Task prompt: In the listing that follows, give every line again exactly and omit the pictures.

Input data:
★ ★ ★ ★

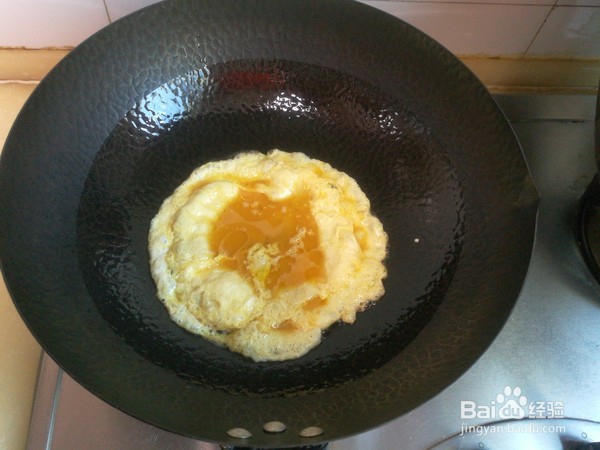 如何制作韭苔鸡蛋炒虾仁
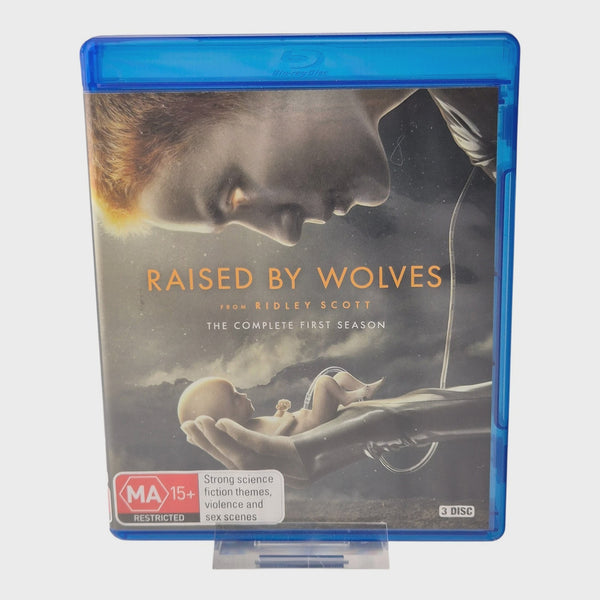 RAISED BY WOLVES- COMPLETE FIRST SEASON 3BLURAY VG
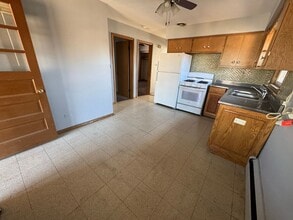 8244 W Forest Preserve Ave in Chicago, IL - Building Photo - Building Photo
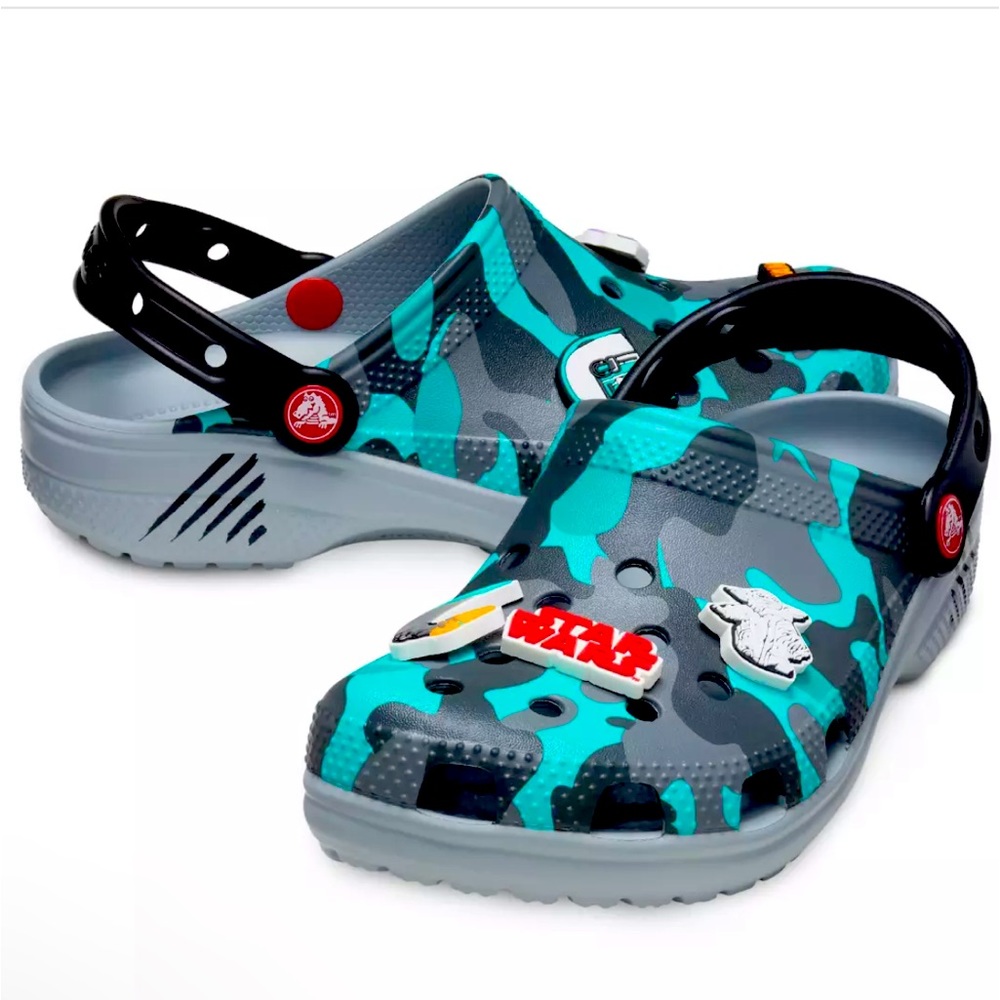 ✨ Disney Crocs Star Wars: The Mandalorian. Men’s 7. Women’s 9 ✨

★ ★ ★ ★

Result of this exercise:
 如何制作韭苔鸡蛋炒虾仁
 RAISED BY WOLVES- COMPLETE FIRST SEASON 3BLURAY VG
 8244 W Forest Preserve Ave in Chicago, IL - Building Photo - Building Photo
 ✨ Disney Crocs Star Wars: The Mandalorian. Men’s 7. Women’s 9 ✨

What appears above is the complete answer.